EXERCISE DESCRIPTION » Once the line holding "Polperro Wandleuchte Brass" appears, repeat it and each line after it to the end of the data, exactly and with nothing else; pictures stay out.

═════ DATA EXTRACT ═════

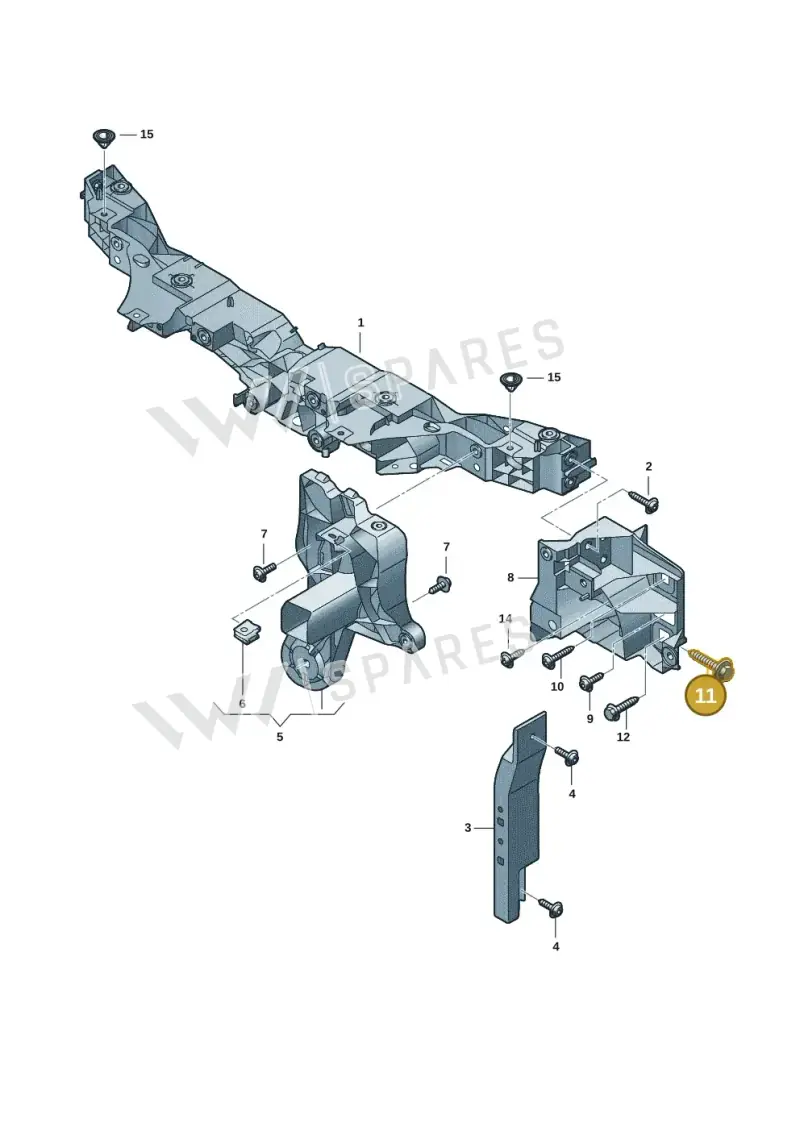 N91244901 — Audi Q6 e-tron (2023-2025) diagram f5s805000, position 11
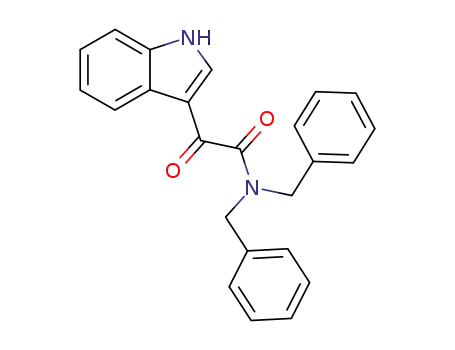 Molecular Structure of 95489-48-8 (indol-3-yl-glyoxylic acid dibenzylamide)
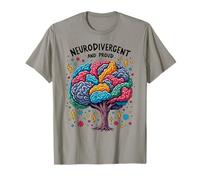Diseño Fresco de Salud Mental neurodivergente para Hombres, Mujeres y niños Camiseta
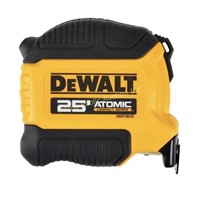 DEWALT $25 Retail ATOMIC 25'x1-1/8" Tape Measure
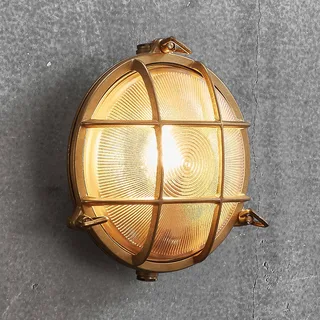 Polperro Wandleuchte Brass von Nordlux in Messing, Helder – Produktfoto 5 von 5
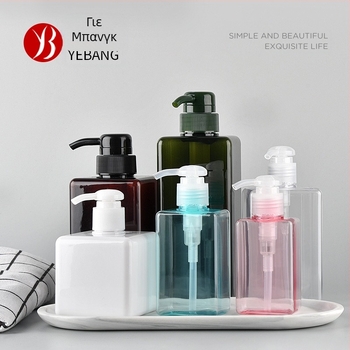 petg 100ml 250 τετράγωνο μπουκάλι λοσιόν προϊόντα περιποίησης δέρματος μπουκάλι αφρόλουτρου μπουκάλι σαμπουάν λοσιόν ταξίδια υπο-εμφιάλωση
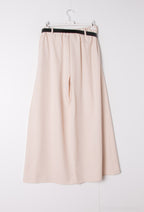 Plus Size Casual Fluid Wide Leg Pants with Pleats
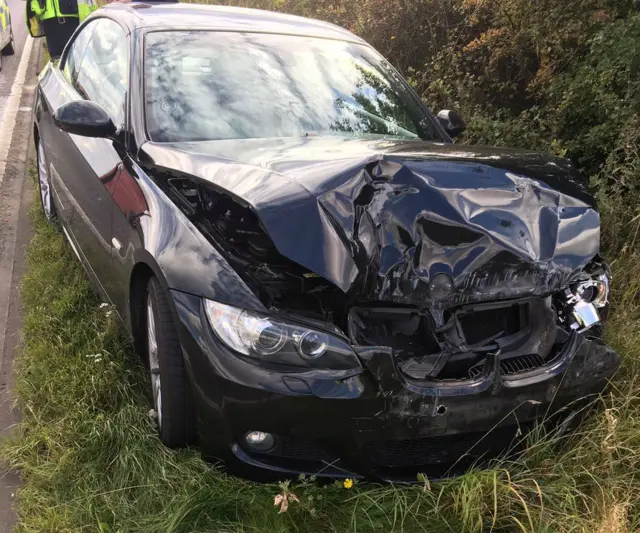 Car crash on A1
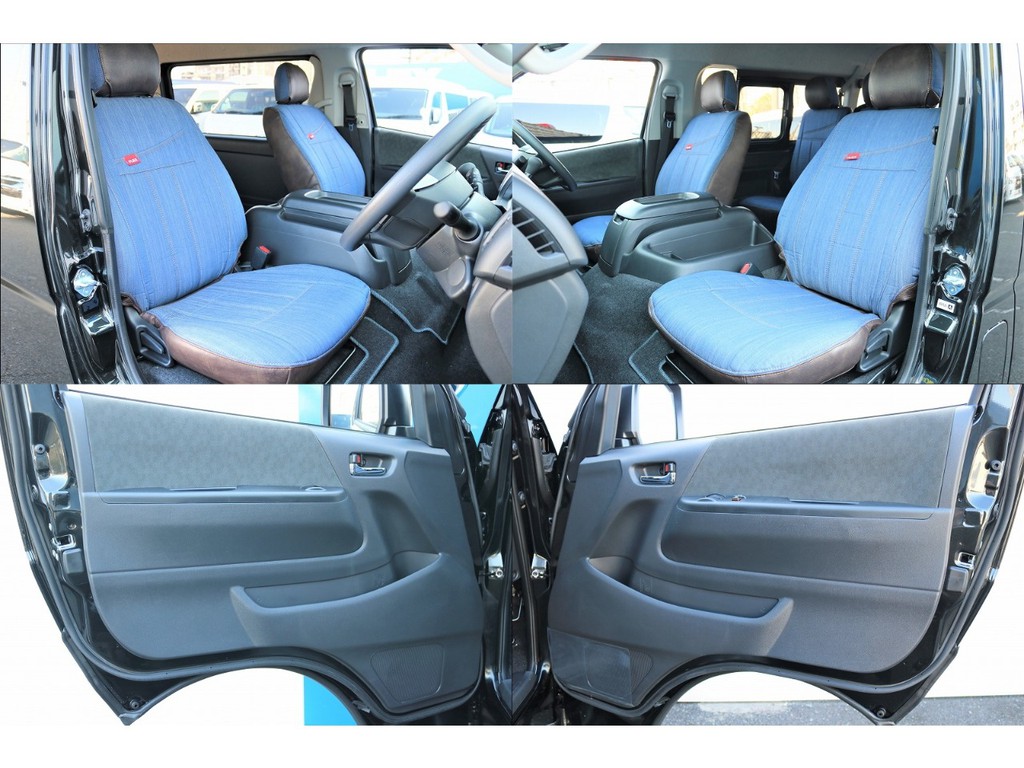 フロントシートも合わせてデニム！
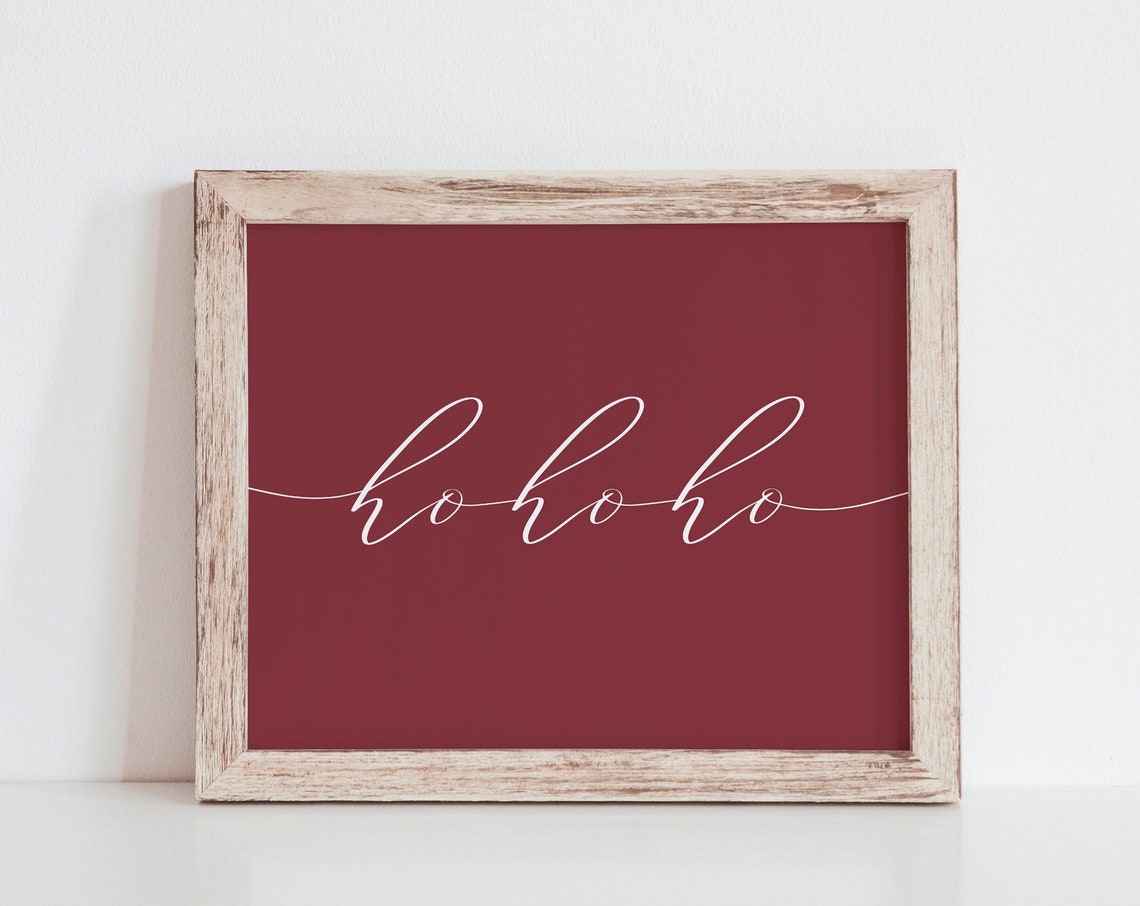 Ho Ho Ho Santa Christmas Art Print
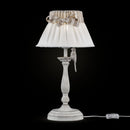 Lampada da tavolo Elegant in Metallo Bird Bianco Antique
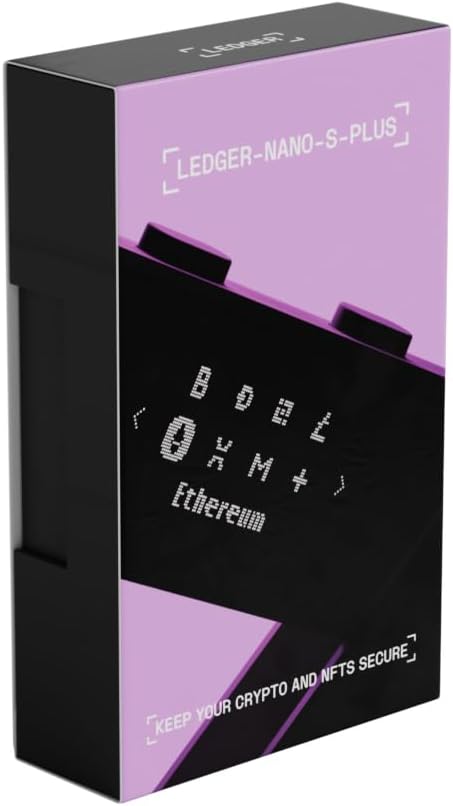 Ledger Nano S Plus - Cartera Crypto clásica | Negro mate, compacto,...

═════

SOLUTION TO THIS EXERCISE »
 Polperro Wandleuchte Brass von Nordlux in Messing, Helder – Produktfoto 5 von 5
 petg 100ml 250 τετράγωνο μπουκάλι λοσιόν προϊόντα περιποίησης δέρματος μπουκάλι αφρόλουτρου μπουκάλι σαμπουάν λοσιόν ταξίδια υπο-εμφιάλωση
 Plus Size Casual Fluid Wide Leg Pants with Pleats
 Car crash on A1
 フロントシートも合わせてデニム！
 Ho Ho Ho Santa Christmas Art Print
 Lampada da tavolo Elegant in Metallo Bird Bianco Antique
 Ledger Nano S Plus - Cartera Crypto clásica | Negro mate, compacto,...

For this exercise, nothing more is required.